*** Recorded data Section Begins ***

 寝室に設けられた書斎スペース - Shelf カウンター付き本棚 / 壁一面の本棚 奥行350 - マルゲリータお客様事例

*** Recorded data Section Ends ***
*** Recorded data Section Begins ***

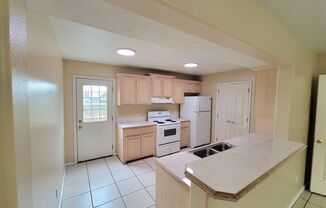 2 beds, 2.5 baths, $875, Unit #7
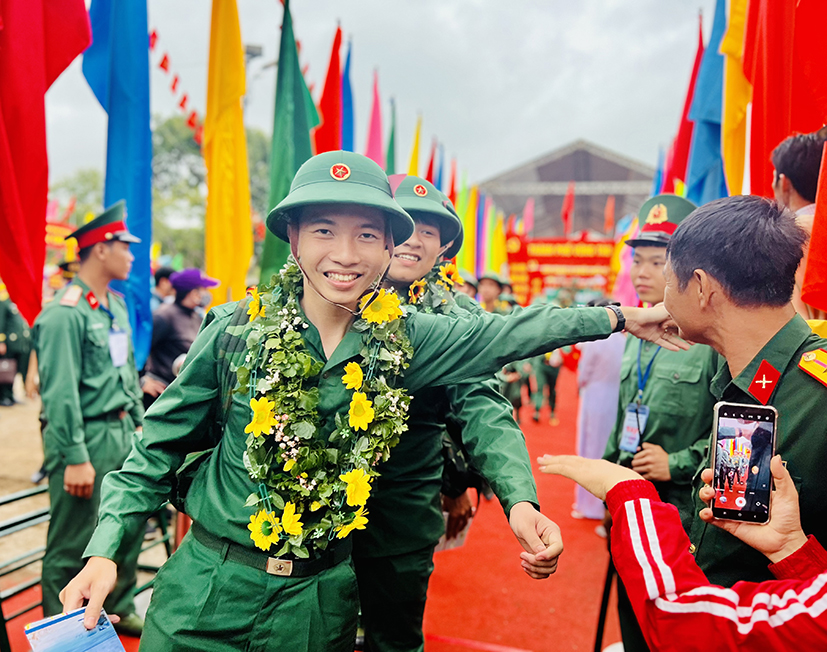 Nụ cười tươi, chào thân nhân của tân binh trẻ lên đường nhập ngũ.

*** Recorded data Section Ends ***
*** Recorded data Section Begins ***

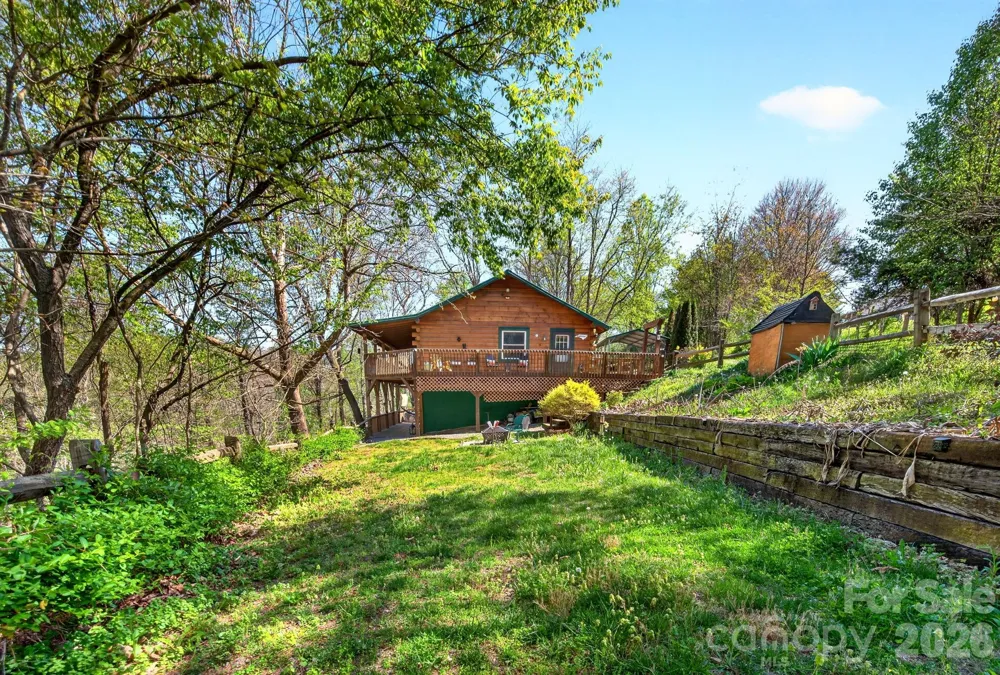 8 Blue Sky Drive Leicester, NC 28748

*** Recorded data Section Ends ***

▶ Task details:
To complete this exercise, transcribe exactly the lines above from the one that holds "2 beds, 2.5 baths, $875, Unit #7" through the one that holds "Nụ cười tươi, chào". Pictures stay out.

▶ Exercise response:
 2 beds, 2.5 baths, $875, Unit #7
 Nụ cười tươi, chào thân nhân của tân binh trẻ lên đường nhập ngũ.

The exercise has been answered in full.